Bruno and Tim’s Lounge took over the ground-level space in 1956 and it has been there ever since. According to Bruno’s, the skyline used to be lit from beneath but the lights burned out decades ago and haven’t been replaced.
In the intervening years Loyola University has bought up many of the buildings and much of the land surrounding the Kirshbaum Building, but so far, Chicago’s throwback skyline remains preserved.
There’s a building in Albany Park with elaborate terra-cotta ornament in the shape of fish and shells. What’s with all the fish?
–Erica Gunderson, WTTW
From time to time, we at Ask Geoffrey headquarters get to pose a question to ourselves. In this case, I had always thought there was something fishy about a striking blue-and-white Art Deco building not too far from our studios on Lawrence Avenue just east of Kimball in Albany Park.
It was built in 1931 to house the L. Fish Furniture store’s ninth location. L. Fish saw an opportunity to reinforce their brand with shoppers by festooning the building in ichthyological iconography. The company’s owner David Fish opened his first store on State Street in 1858 (13 years before the Chicago fire). He used his wife Lotta’s first initial to create the name L. Fish Furniture.
Some viewers will probably remember L. Fish–they had scaled up to 11 locations in and around Chicago by the 1980s. None of the other buildings had this fish theme in the ornament, but they all sported the company logo. L. Fish was so protective of their brand that they sued an actual fishmonger named Salmon for using a fish in his advertising and won.
L. Fish Furniture operated in the Albany Park location until 1942. Today it’s home to a blood bank. The last Chicago L. Fish location closed in the 1980s, but L. Fish Furniture is actually still swimming along in Indianapolis. That store is run by David Fish’s great-great-grandson 158 years later.
Can you tell us more about the special garden that was at the Olson Rug Company whose factory was located at Pulaski and Diversey?
–Elaine Harrington, Chicago
We’ve gotten this question many times over the years and we answered it once back in 2008. But since then we got our hands on wonderful home movie footage from a viewer named Neil Kane, whose family is featured in it (you can see more of Neil’s wonderful family home movies, which were taken all around Chicago, on his YouTube channel.). So it’s a good excuse to revisit the story.
Below, see the family’s home video of the Olson Rug Company’s garden.
Today if you go to the corner of Diversey and Pulaski you’ll just find a warehouse parking lot, but it was once a mini-Eden.
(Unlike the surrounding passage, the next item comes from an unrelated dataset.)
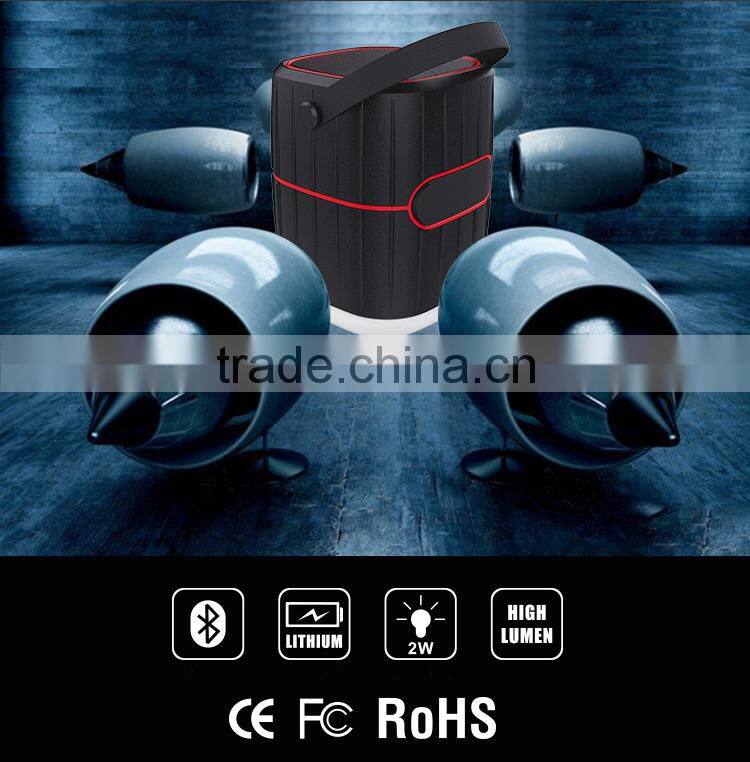 Portable bluetooth wireless speaker music receiver withCamping emergency LED light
It was designed to be a little bit of pristine Wisconsin wilderness transplanted to the city adjacent to the Olson Rug Company’s plant. The company president Walter E. Olson created the park in 1935 for his employees. He modeled it on the area around his vacation home.
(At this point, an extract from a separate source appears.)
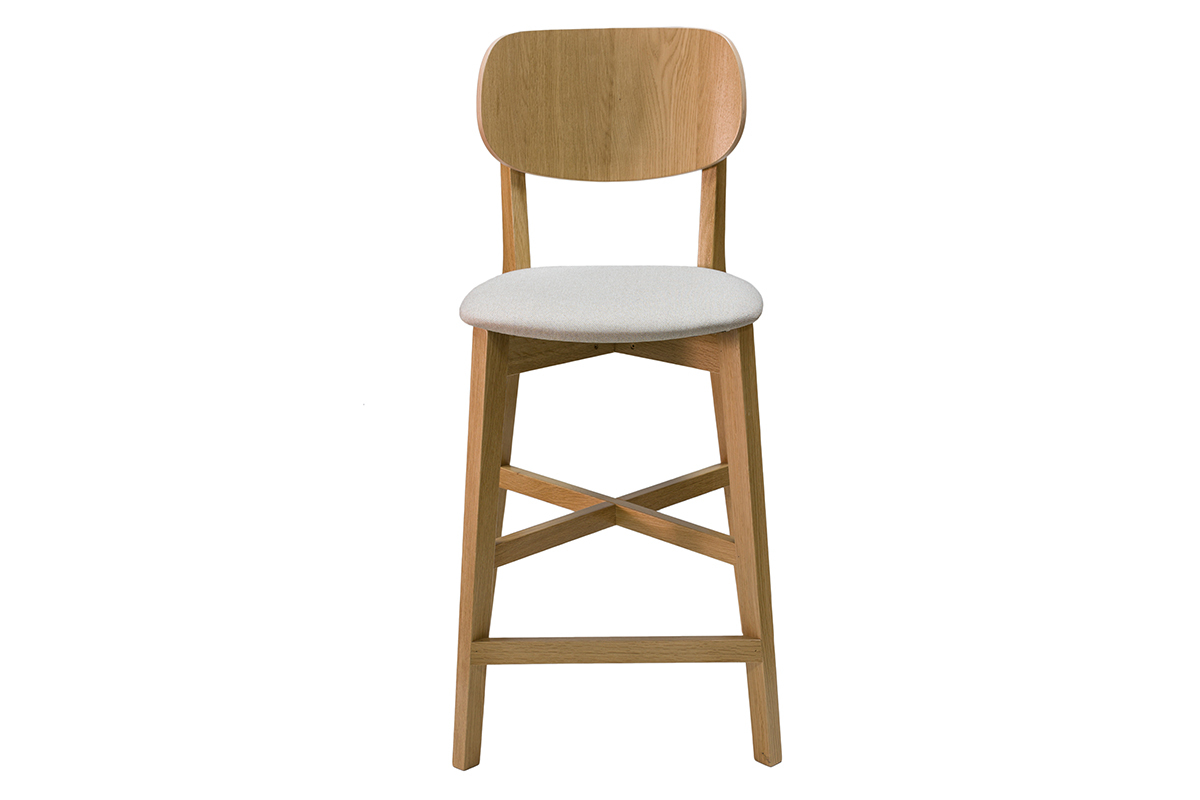 Tabourets de bar en bois clair ch�ne et tissu beige H65 cm (lot de 2) LUCIA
Olson planted thousands of perennials, as well as pine trees. There was a rock garden, a duck pond and the centerpiece of it all, a three-story tall waterfall. The park also had a Native American theme, with statues of Indians, a canoe and a teepee. The year it opened, 1935, marked the hundredth anniversary of the year Native Americans gave up their land in the Chicago region. At the park’s dedication, a ceremony was held symbolically deeding this little patch of land back to the Native Americans.
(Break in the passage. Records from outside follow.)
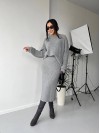 Жіночий теплий костюм зі спідницею сiрого кольору 30419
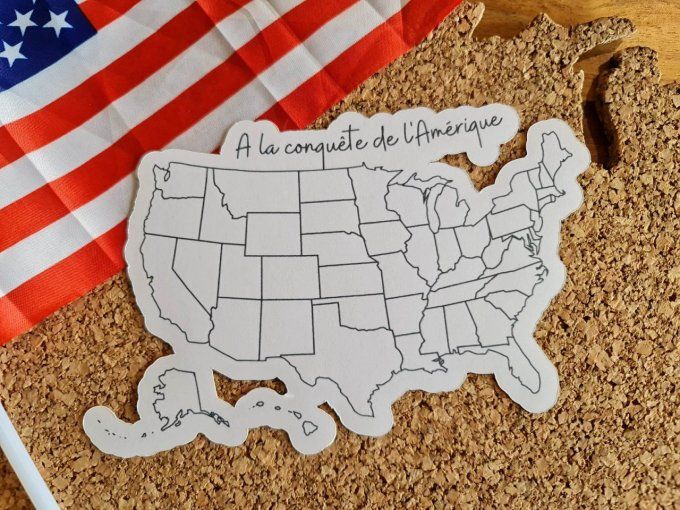 Sticker à colorier carte des USA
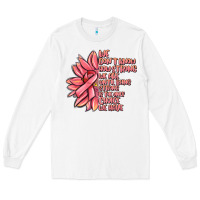 White pink sunflower and cancer ribbon breast cancer Long Sleeve Tee - MaliasSmallBusiness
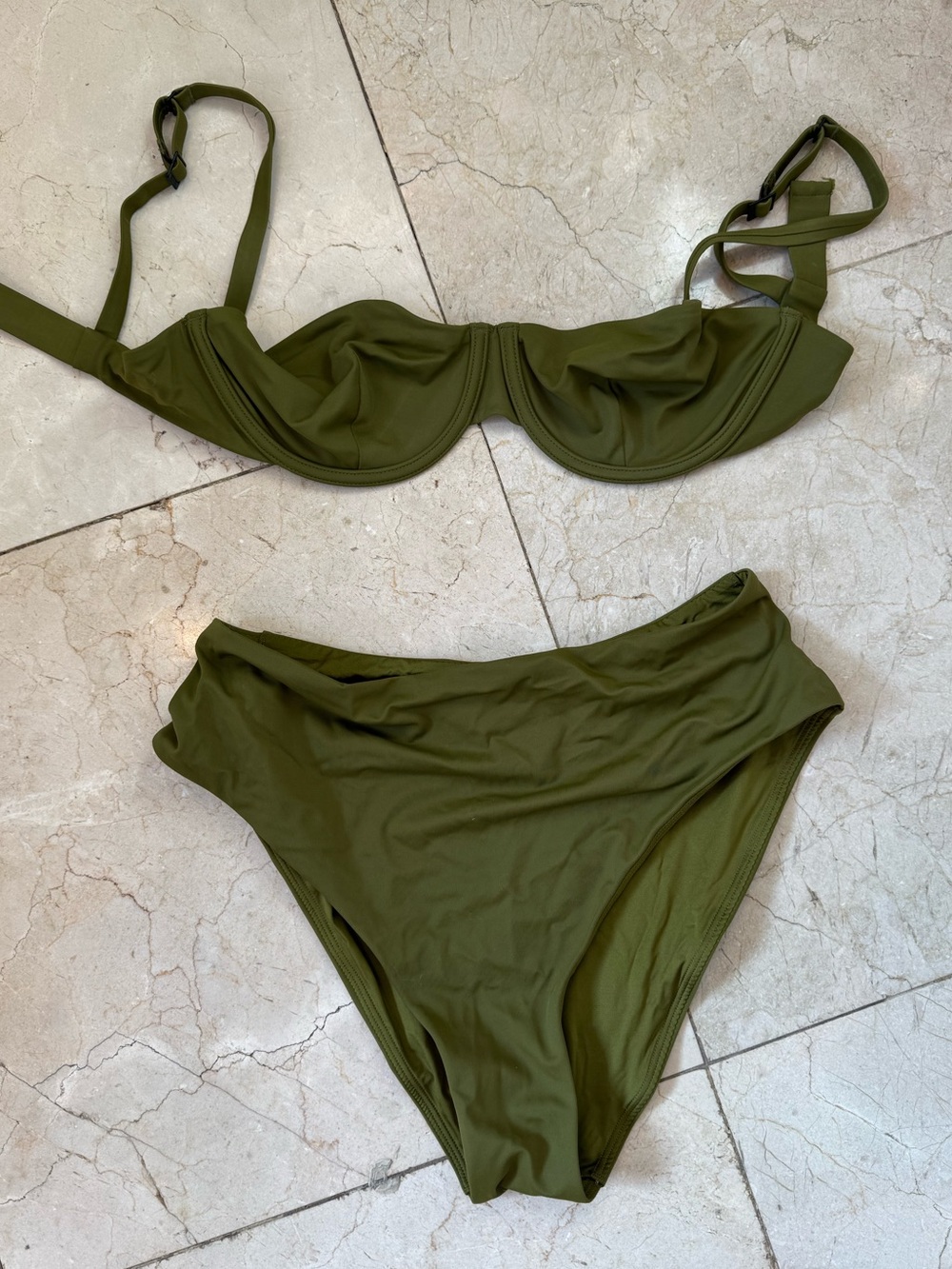 CUUP Olive Green Underwire Bikini Set Never Worn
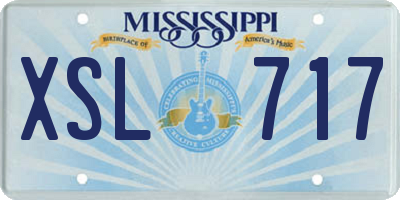 MS license plate XSL717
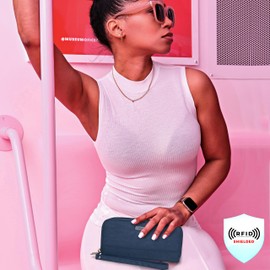 Travelon RFID Blocking Double Zip Wallet, Blue, One Size, Travelon RFID Blocking Double Zip Wallet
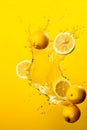 Ripe lemons with splashes of drops of water or juice on a yellow background, Generative AI 2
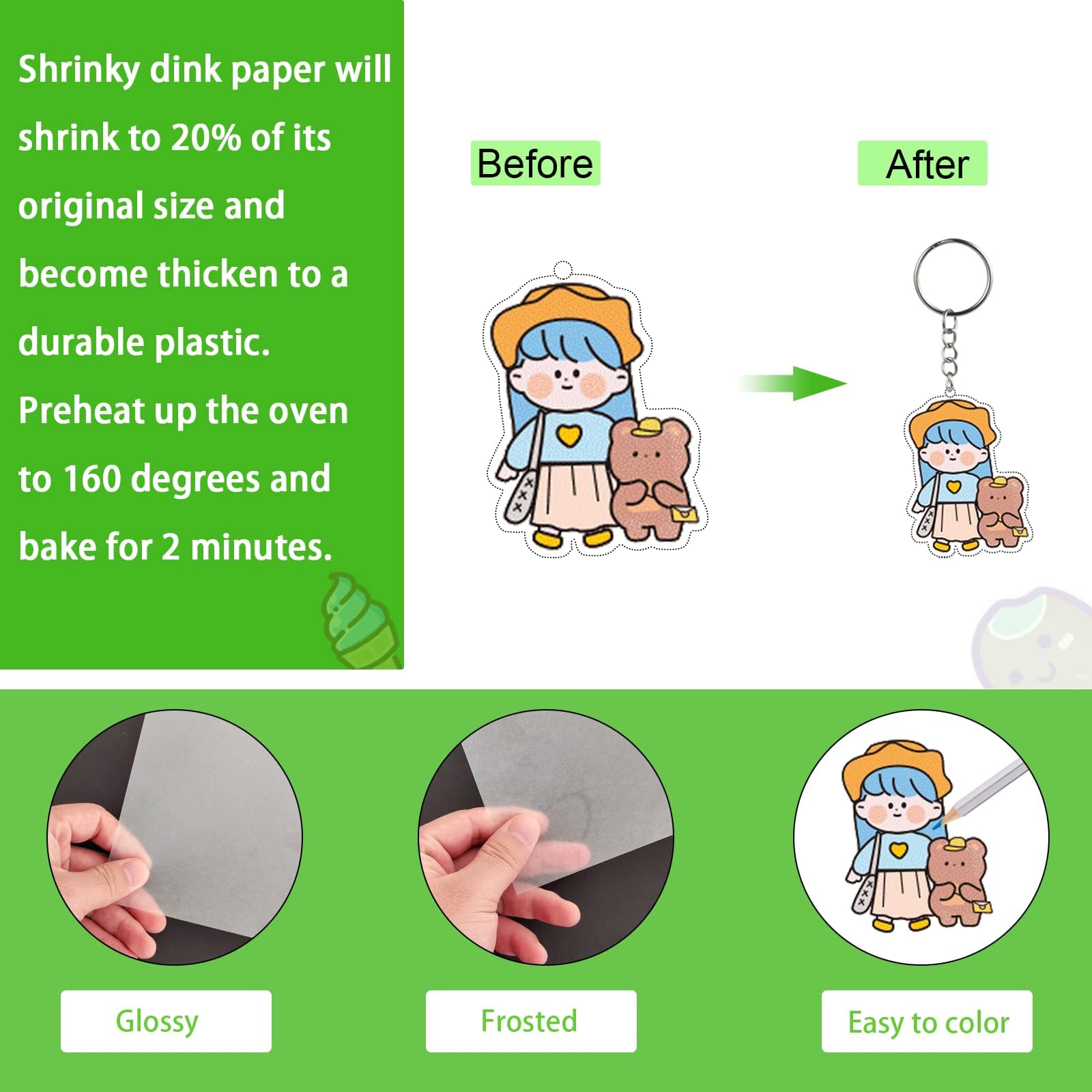 chfine 175-Piece Shrink Plastic Sheets Kit – DIY Keychain Craft Set with 20 Shrink Paper Sheets, Color Pencils, and Jewelry Findings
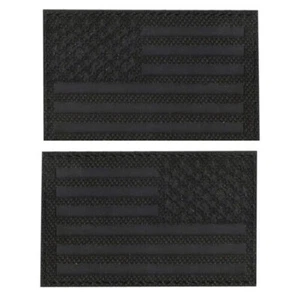 Reflective IR US AMERICAN FLAG REVERSE LEFT RIGHT SHOULDER HOOK 2 PATCHES DARK/J - Picture 1 of 3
Olson eventually decided to open his park to the public free of charge. The company decorated the park for holidays including Christmas, Easter and Halloween. Olson Rug (which is still in business around Chicago) sold the building and its park to Marshall Field’s in 1965. Field’s kept the park open until 1978. Macy’s took over the adjacent warehouse until 2008, and this summer it was back in the news when plans to redevelop the site for mixed use were put in place.